Fiberglass Manufacturing Methods
Meeting the demand of today's high technology presents many challenges in the fiberglass industry. Palmer Mfg. specializes in meeting these demands by offering our customers numerous types of resins that are designated for the type of application needed; along with different types of orientations, diameter, finishes and resistance to corrosion that will aide in the manufacturing of the proper tank to fit each one's needs.
Take those variables and combine them with the three different fabrication methods and the result is hundreds of different combinations.
The three techniques used are: hand lay up, chop spray and filament winding.
Hand lay up and chop spray can each be referred to as Contact Molding, which follows ASTM 4097. Hand lay up involves manufacturing the tank by hand. This is a low to medium volume method for small or extremely large products. The process involves manually placing fiberglass material on a mold and applying resin by pouring, brushing or spraying. The use of thermosetting resin allows for the product to cure at room temperature.
Chop sray involves a method where continuous strands of fiberglass are fed into a chopper gun which chops the fiberglass into 1" to 2" strands. The strands, along with the selected resin, are sprayed onto the mold. Then a roller is used to force out the air and help put resin into the glass.

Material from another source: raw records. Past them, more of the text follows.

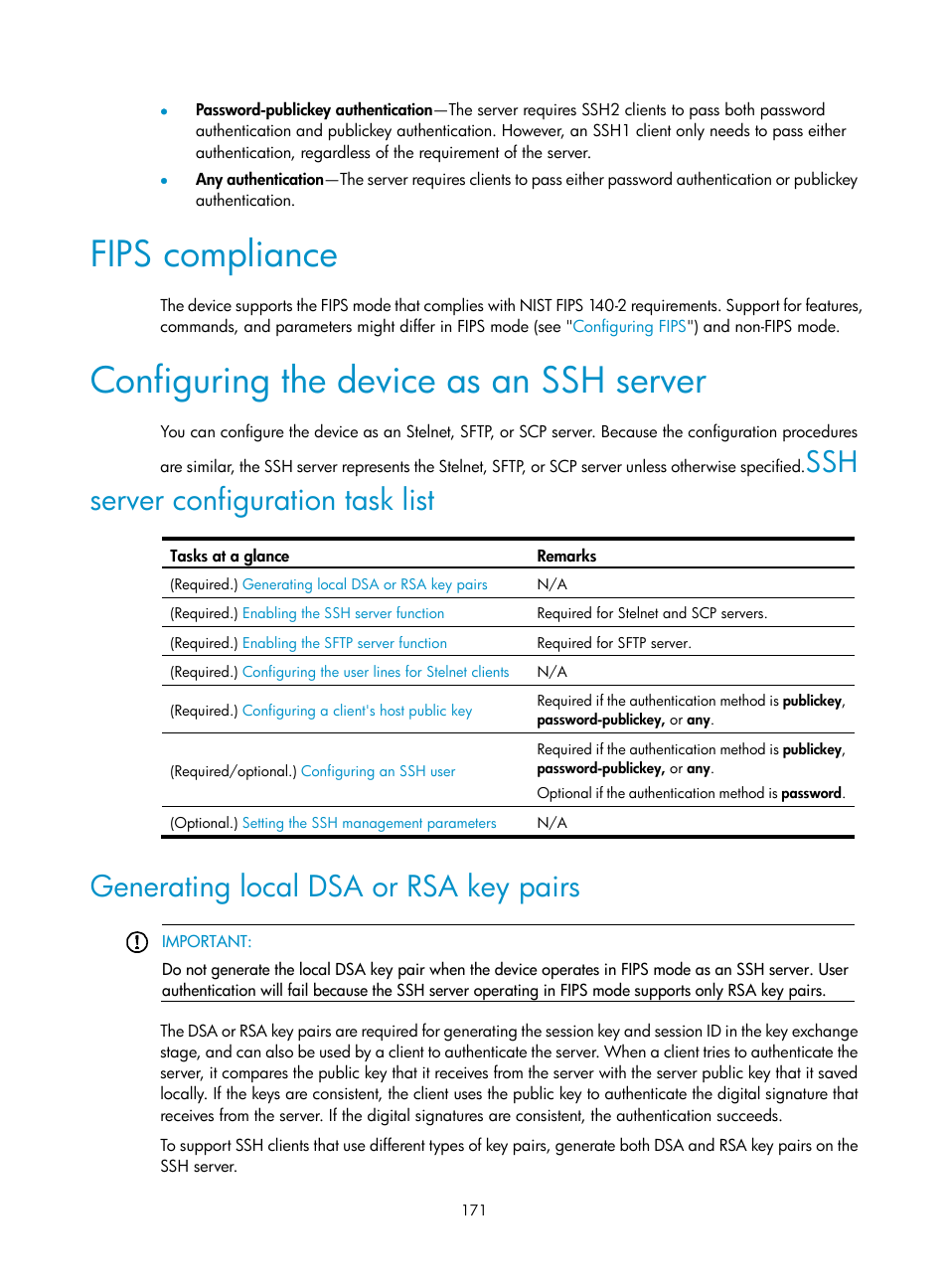 Fips compliance, Configuring the device as an ssh server, Ssh server configuration task list | Generating local dsa or rsa key pairs | H3C Technologies H3C S12500-X Series Switches User Manual | Page 183 / 294
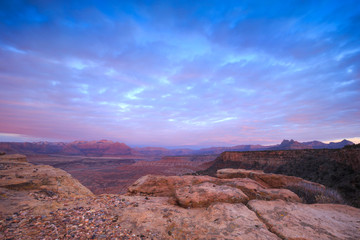 Beautiful sunset at Gooseberry Mesa in southern Utah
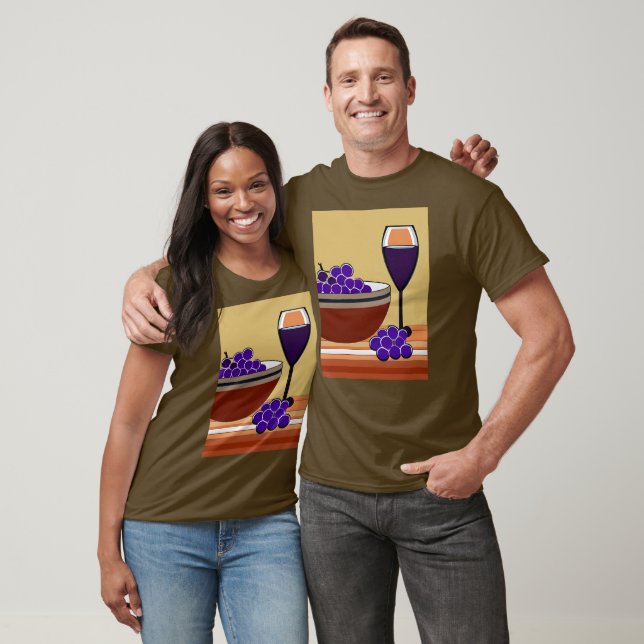 Druvor och Wineglass i Maroon och Tan T Shirt (Unisex)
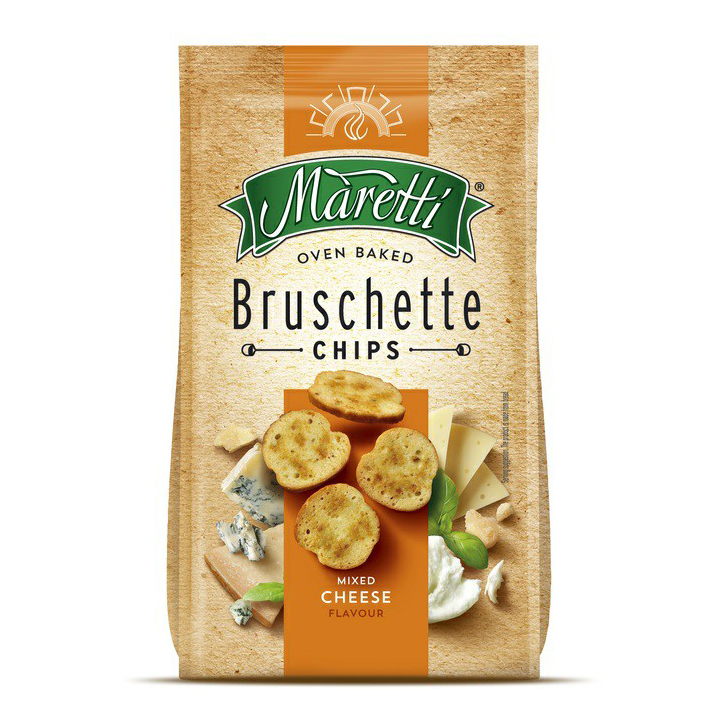 фото Сухарики пшеничные maretti bruschette chips сырный микс 70 г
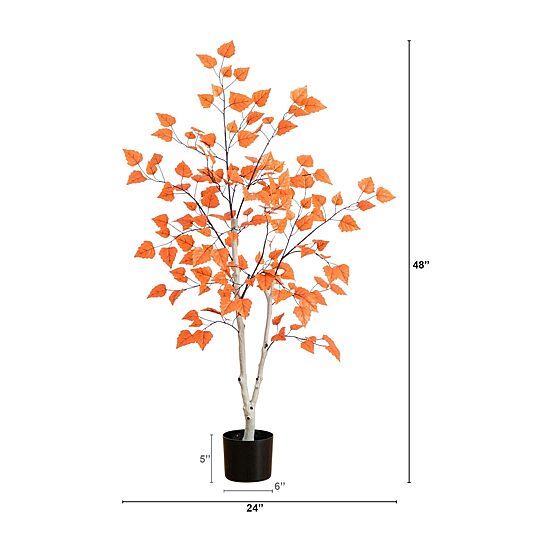 Nearly Natural 4ft Autumn Paper Birch Indoor Artificial Tree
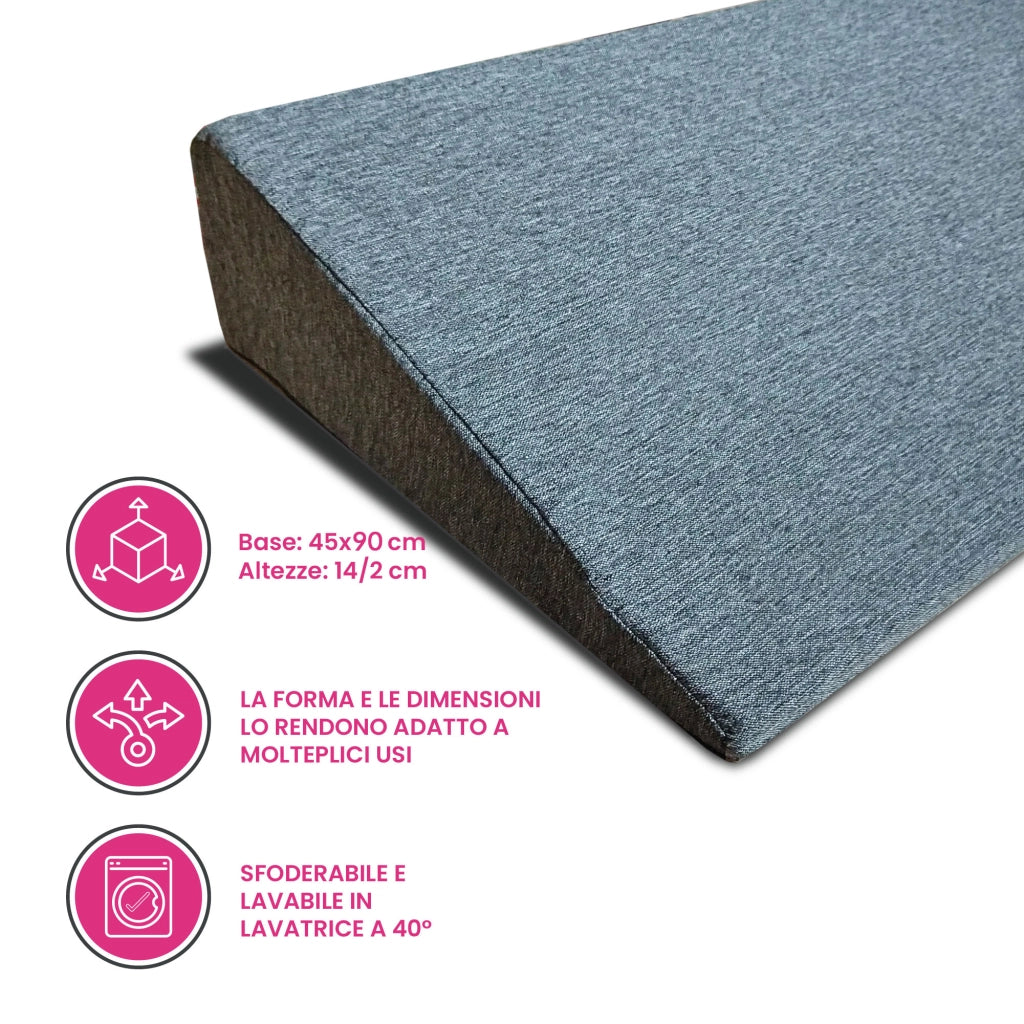 Cuscino ortopedico, cuneo posturale per letto o divano per circolazione sanguigna o reflussi con tessuto anallergico. Cuscino per migliorare la lettura. Poggia schiena letto triangolare 45X90 Cm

The third technique, filament winding, involves wrapping multiple, continuous strands of fiberglass onto a rotating mandrel. Resin is applied by either spraying or pulling the strands through a resin bath. Special machines are capable of laying down strands in a predetermined pattern to increase strength along the stressed axis. Tanks are generally wound at an angle of 90 degrees to the axis, hoop winding. Filament winding is commonly combined with the chop spray method. When this is done, a monolithic tank wall with superior strength and liquid retention is produced. This process follows ASTM 3299.